### [THE TASK]
Write every record out again exactly as given.

### [MATERIAL SHOWN]
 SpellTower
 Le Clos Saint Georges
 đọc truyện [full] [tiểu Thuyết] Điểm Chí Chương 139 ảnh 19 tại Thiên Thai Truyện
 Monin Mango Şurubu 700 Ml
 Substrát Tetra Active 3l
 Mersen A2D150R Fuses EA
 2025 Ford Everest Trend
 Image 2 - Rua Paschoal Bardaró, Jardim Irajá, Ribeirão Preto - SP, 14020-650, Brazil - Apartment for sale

### [ANSWER TO THE PROBLEM]
 SpellTower
 Le Clos Saint Georges
 đọc truyện [full] [tiểu Thuyết] Điểm Chí Chương 139 ảnh 19 tại Thiên Thai Truyện
 Monin Mango Şurubu 700 Ml
 Substrát Tetra Active 3l
 Mersen A2D150R Fuses EA
 2025 Ford Everest Trend
 Image 2 - Rua Paschoal Bardaró, Jardim Irajá, Ribeirão Preto - SP, 14020-650, Brazil - Apartment for sale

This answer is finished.